I principali appuntamenti sono: l’apertura del convegno, che si terrà alle 15 di oggi, presieduta da monsignor Giuseppe Guerrini, Vescovo di Saluzzo; alle 8 di domani monsignor Cesare Nosiglia, Arcivescovo di Torino, presiederà la Celebrazione eucaristica nella chiesa principale della Piccola Casa, e poi alle 15,30 verranno presentate tutte le famiglie religiose e le realtà ecclesiali ispirate all’esperienza di san Cottolengo; alle 9 di domenica cardinale Joao Braz de Aviz, prefetto della Congregazione per gli Istituti di Vita consacrata e le Società di Vita apostolica, terrà un incontro sul tema «I Carismi della Chiesa: quale profezia per il nostro tempo?».
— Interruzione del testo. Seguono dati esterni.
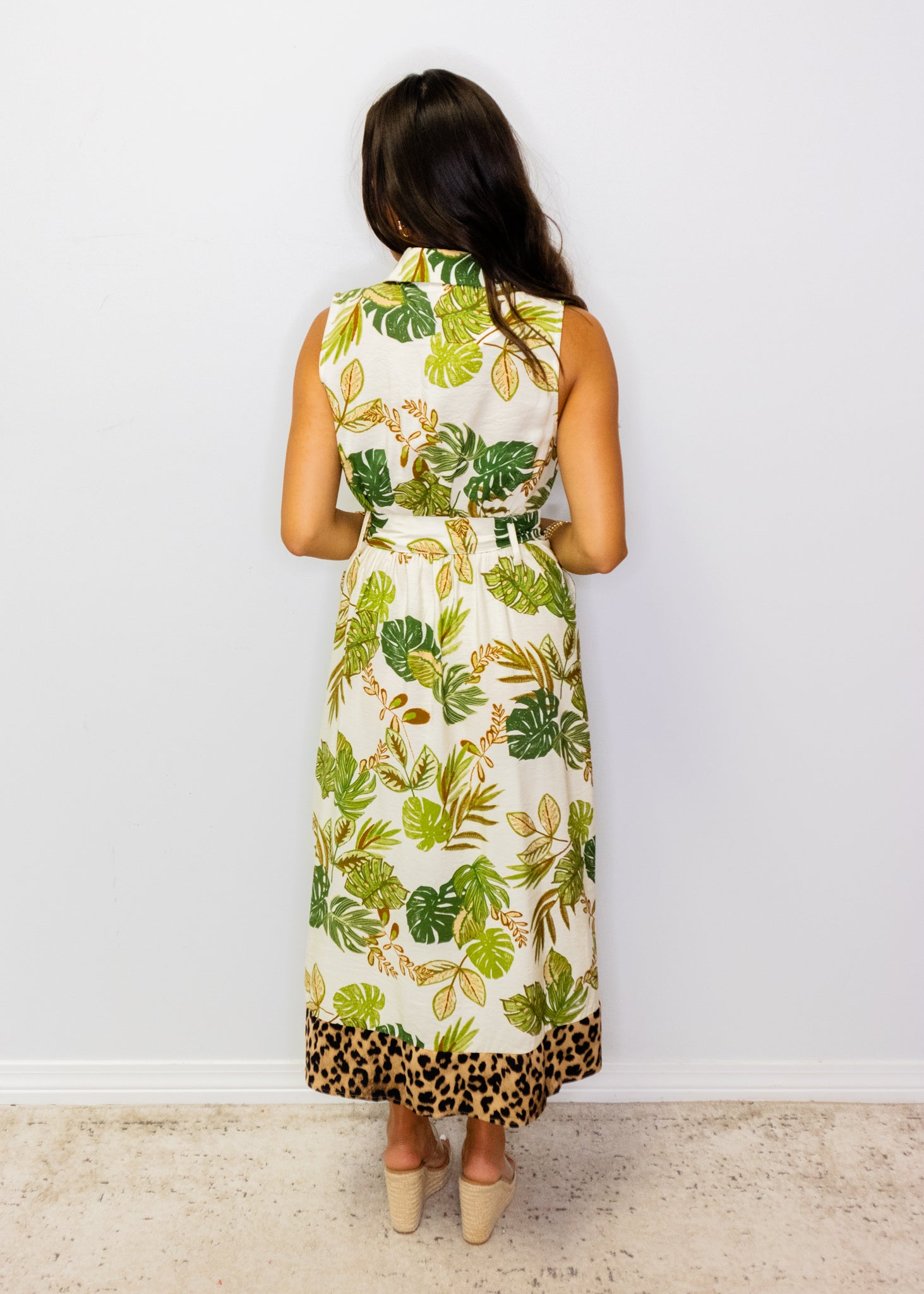 Green Tropical Belted Midi Dress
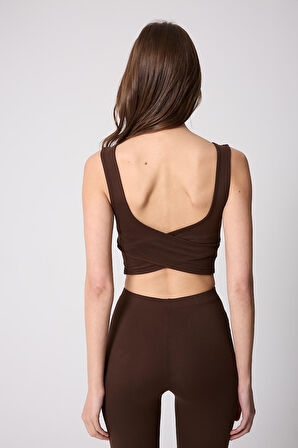 Kadın Kahve Rengi Sırtı Çapraz V Detaylı Likralı Crop Büstiyer - 2514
Ecco la storia di San Giuseppe Benedetto Cottolengo (Bra, Cuneo, 3 maggio 1786 – Chieri, Torino, 30 aprile 1842).
Il 2 settembre 1827 una donna francese in transito a Torino col marito e cinque figli, Maria Gonnet, partorisce una bimba; e muore con lei in un dormitorio per vagabondi, respinta da un ospedale perché in gravidanza, e dalla maternità perché ha la tbc. L’ha assistita un sacerdote che poi, tornato alla sua chiesa, vi chiama gente a pregare e infine congeda tutti dicendo soltanto: «La grazia è fatta!». Si chiama Giuseppe Benedetto Cottolengo, nato da famiglia benestante, stimato canonico nella chiesa torinese del Corpus Domini.
Ma da tempo è scontento di sé, per un’avvilita sensazione di insufficienza, o di fallimento; una buia crisi. E la «grazia», ora, consiste appunto nella chiarezza ritrovata.
Quella tragedia lo ha aiutato a capire e a decidere: servirà il Cristo umiliato e messo in croce, il Cristo rinnegato anche dai suoi. Il Cristo presente in ogni non-persona come Maria Gonnet. Quelli che tutti respingono, lui li accoglie, a partire dal 17 gennaio 1828, in una casa della vecchia Torino. Quando la deve lasciare - pericoli di contagio, proteste dei vicini - cerca casa fuori città, e la trova poi nei prati umidi di Valdocco.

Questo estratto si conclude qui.